Lefty stymies Dodgers in latest gem out of bullpen

August 27th, 2019

SAN DIEGO -- There’s no difference, insists.

Sure, there are some subtle changes in the way he attacks hitters. But whether Strahm’s starting or pitching out of the ‘pen, the lanky left-hander is adamant that he’s the same pitcher.

The numbers tell a different story. Entering Monday, Strahm had faced 457 batters as a starter in his four seasons in the big leagues. He’d faced exactly that many as a reliever. The difference was stark.

As a starter: 5.06 ERA, 113 hits, 110 Ks
As a reliever: 2.76 ERA, 76 hits, 130 Ks

Strahm’s future is almost certainly as a left-handed weapon in the San Diego ‘pen. He reinforced that notion Monday night, as the Padres held on for a 4-3 victory over the Dodgers. Strahm pitched two dominant frames, striking out a pair in the seventh and using just four pitches to get through the eighth.

“That was as good as he's really been all season long,” Padres manager Andy Green said.

Since his arrival at the 2017 Trade Deadline, Strahm has insisted he’s happy in whatever role the Padres chose for him.

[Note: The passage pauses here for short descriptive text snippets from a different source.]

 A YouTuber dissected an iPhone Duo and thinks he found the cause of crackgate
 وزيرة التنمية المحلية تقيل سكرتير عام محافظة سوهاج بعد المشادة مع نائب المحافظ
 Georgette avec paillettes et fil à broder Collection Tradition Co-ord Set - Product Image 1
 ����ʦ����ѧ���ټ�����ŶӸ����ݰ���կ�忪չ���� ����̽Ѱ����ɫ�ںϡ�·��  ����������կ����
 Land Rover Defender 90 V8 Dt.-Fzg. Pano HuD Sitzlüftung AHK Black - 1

They asked him to prep for a starter’s workload during the offseason, so he bulked up significantly. Through 10 starts, Strahm had posted a 3.21 ERA.

Then, things came unraveled. Strahm’s ERA ballooned by more than two full runs over his next five starts, and he was sent to the bullpen at the end of the first half. It wasn’t always smooth there either, but Strahm has now tossed seven consecutive scoreless outings.

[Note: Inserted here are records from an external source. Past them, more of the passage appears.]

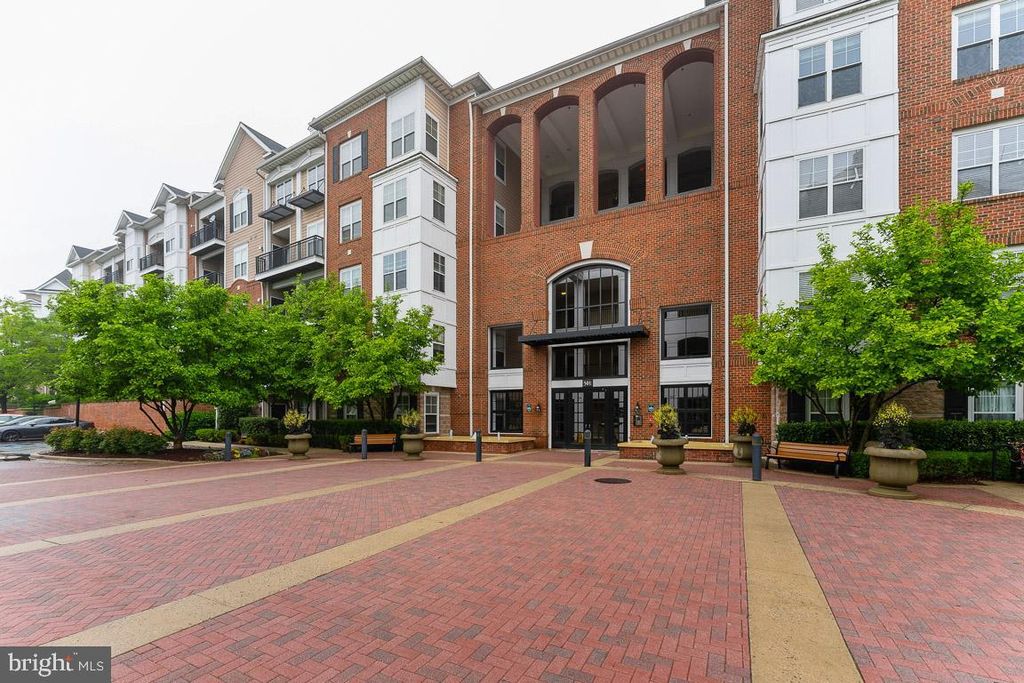 Image 3 of property listing at 501 HUNGERFORD DR #144, Rockville, MD 20850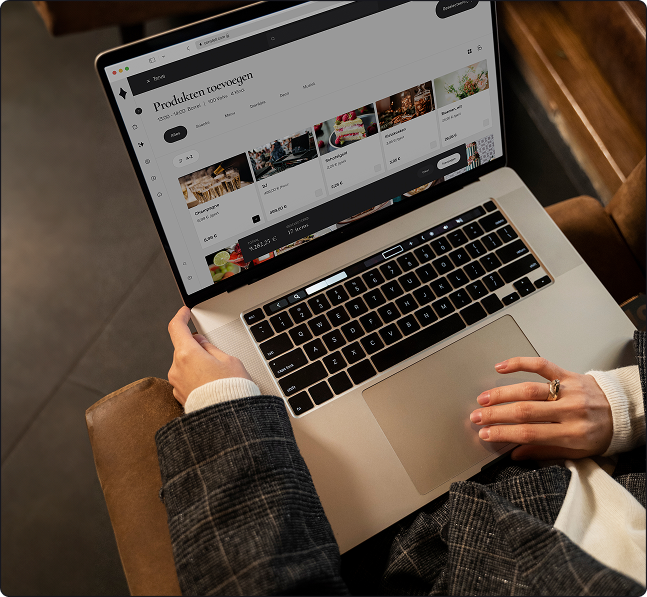 Constell sales- en EMS-software in gebruik op een laptop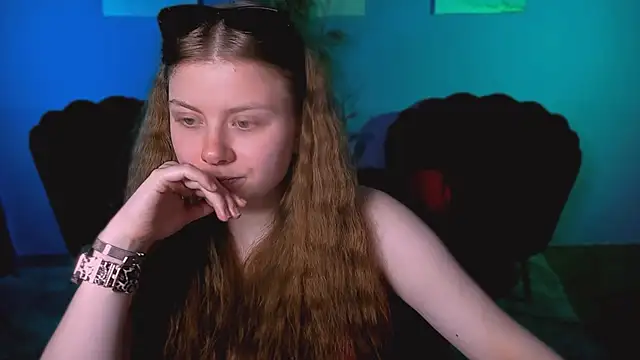 foxy tease  online show from November 13, 2025, 10:14 am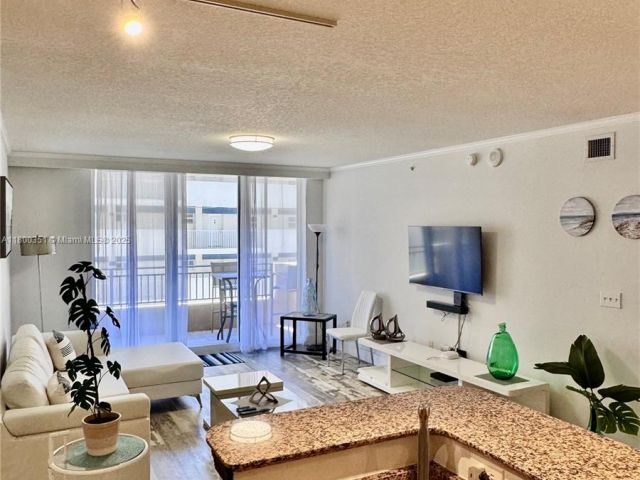 Apartment for rent  Unit #405 - photo 6151961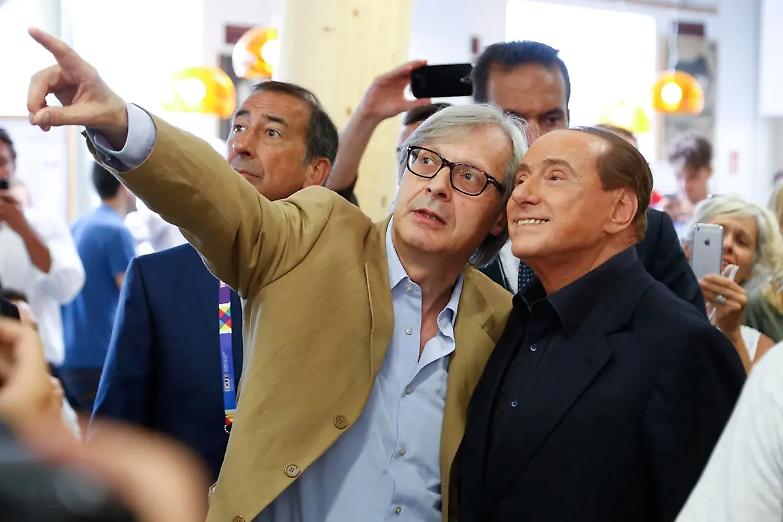 Il telefonino ormai scarico di Sgarbi e la strada di Barlusconi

“I'm still a firm believer I can do that as a starter,” Strahm said. “I can go six, seven, eight innings as a starter for this club. But I can also do that."

Strahm emphasized the word, an obvious reference to his dominant showing Monday against one of the Majors' toughest offenses. It was almost an acknowledgement that his chances of going back to the rotation are somewhat inhibited because of how good he can be in the ‘pen.

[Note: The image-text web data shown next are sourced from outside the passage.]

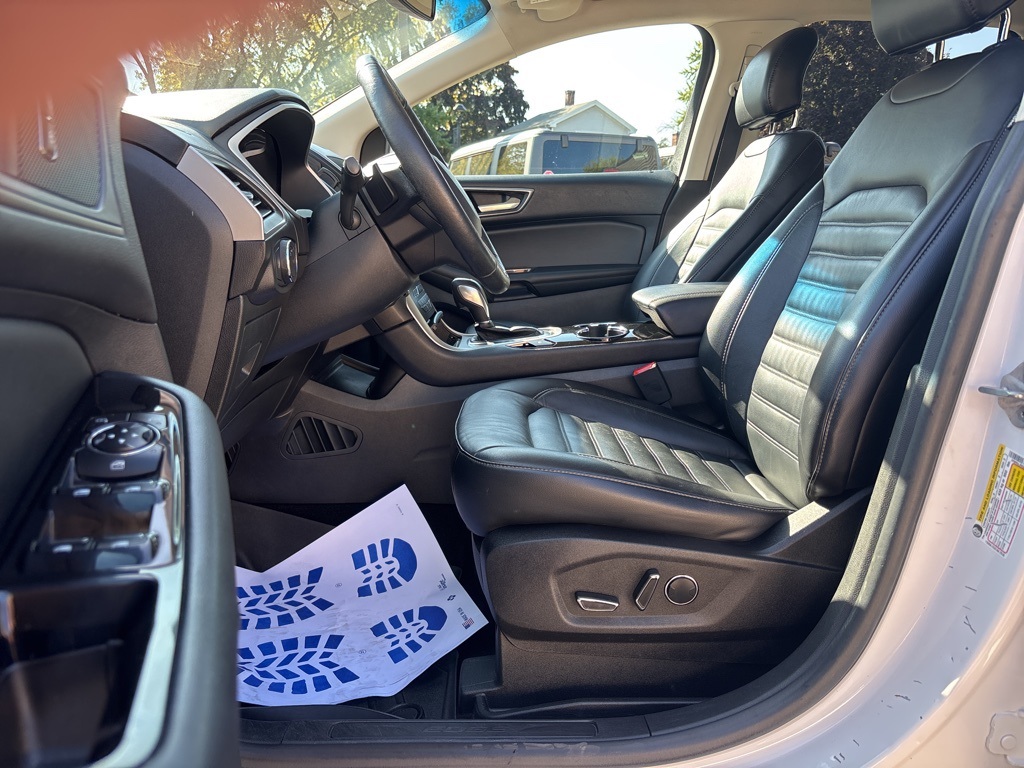 2016 Ford Edge
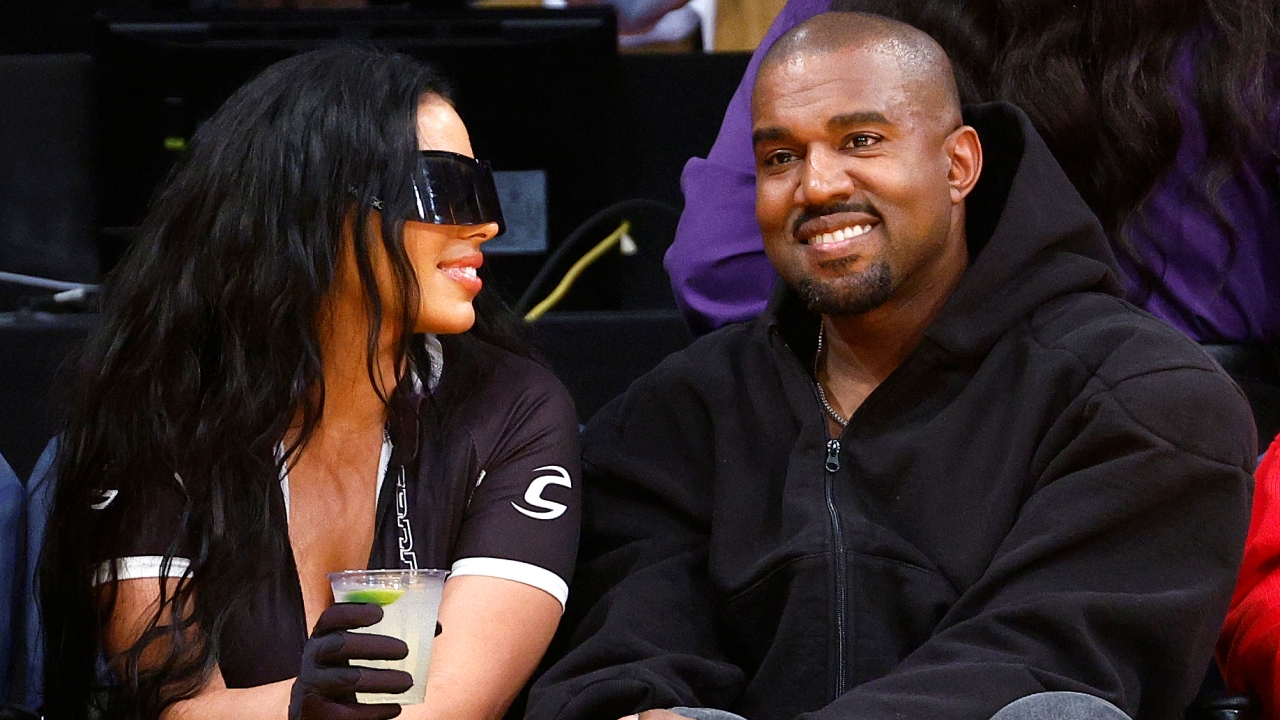 Kanye West presenteia nova namorada com bolsa rara de luxo avaliada em R$ 1,3 milhão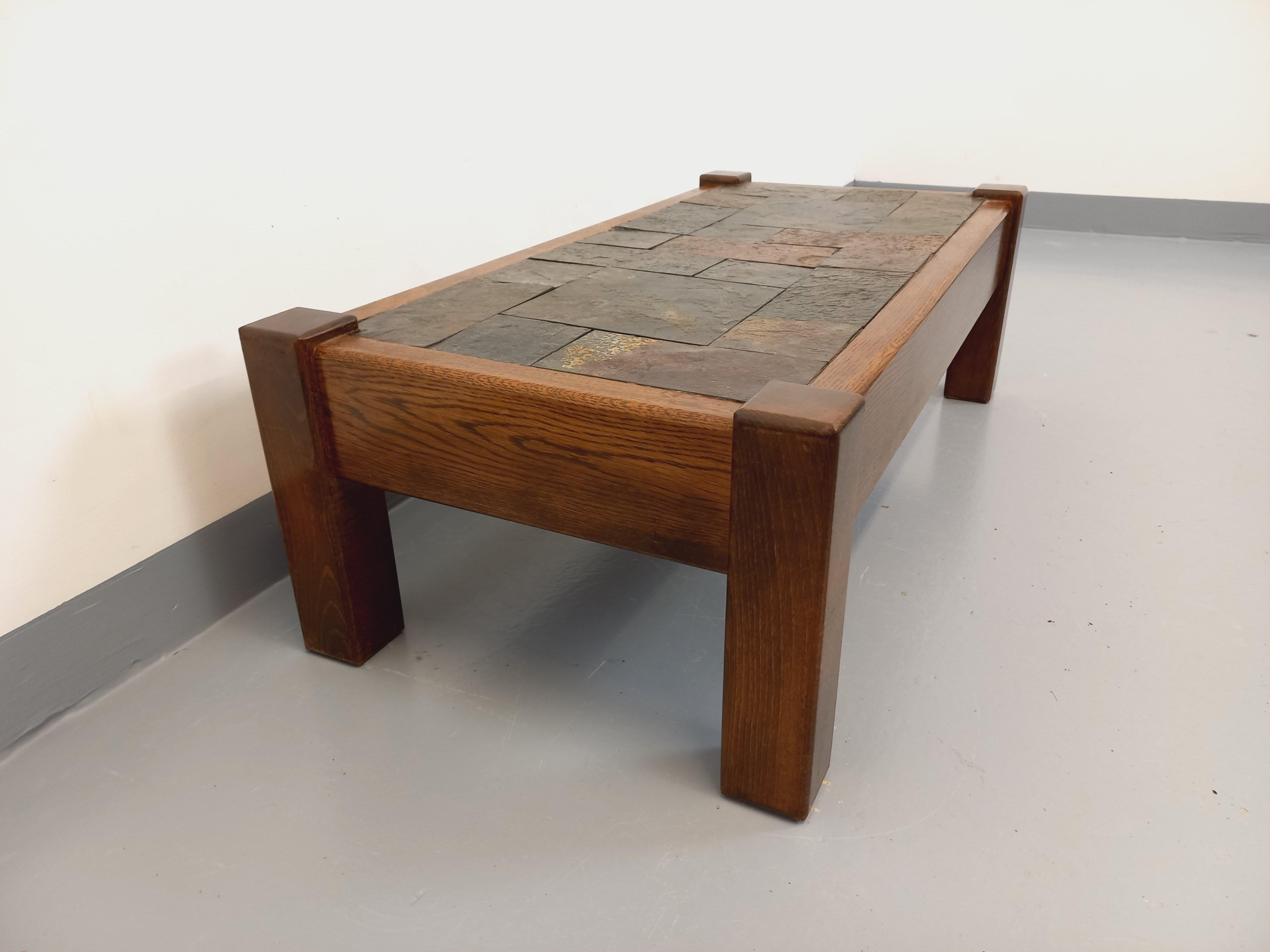 Mid-20th Century Table basse vintage brutaliste en chêne et ardoise des années 60 70 For Sale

Still, it’s clear his last five starts gnaw at Strahm. He wants another shot at pitching in the rotation.

“I need them to not be hanging onto those last five starts I had and to give me a shot,” Strahm said. “For them to trust me from the first 10, that's who I am. I sat down with [pitching coach Darren Balsley]. We went over my last five starts. We found the flaw. We fixed it. I'm back to who I am. I need their trust, that's all I'm waiting for.”

Strahm wouldn’t share what fixes he made, but they're clearly working.

Still, there’s hard evidence that all four of Strahm’s pitches have ticked up significantly since his move to the bullpen. He gets a much higher rate of whiffs on his slider, too.

“The velo is up, obviously, in the bullpen,” Green said. “He can just go at guys with his absolute best stuff. He's not trying to hide anything. He didn't hide a ton in the rotation. But I think just his stuff plays up out of the 'pen in short bursts.”

On Monday, the Padres handed Strahm a lead under a strange set of circumstances. Pinch-hitter Austin Allen opened the sixth with a double off Dodgers rookie starter Dustin May. Allen, a recent callup, had faced May regularly in the Minors and he felt good about the matchup.

“He’s got such good stuff, don’t get me wrong,” Allen said. “But after seeing guys again and again and again, I’m going to take my chances, no matter how good they are.”

The Padres tied the game two batters later when Josh Naylor singled and A.J. Pollock’s throw to third base bounced through Justin Turner’s legs and into the Dodgers’ dugout. San Diego took the lead a batter later on Manny Machado’s RBI groundout.

But the lead seemed tenuous. The heart of the Dodgers’ order loomed, and San Diego needed a bridge of two innings to get to closer Kirby Yates. That’s where Strahm entered.

“He's a really, really, really valuable bullpen piece,” said Yates, who picked up his Major League-leading 38th save. “He's one of those guys that can be that hybrid reliever that can come out, give you two or three dominant innings. He gets the job done.”

Strahm punched out Max Muncy on three pitches to start the seventh, then he whiffed Corey Seager to end it. In the eighth, he got Will Smith to pop to center and Chris Taylor to bounce to first on a combined two pitches.

In that scenario, Strahm figured that Enrique Hernandez would take, so he poured in a fastball. Strike one. Then, Strahm painted a slider on the outside corner, and Hernandez skied a lazy popup to right. Strahm pounded his fist into his glove and skipped off the mound.

No matter what role he’s pitching in, Strahm is going to savor it.

“I have extra juice every night, because it's the big leagues,” Strahm said. “Twenty-first rounder, I've worked for everything to be here. Every night in the big leagues is an awesome night.”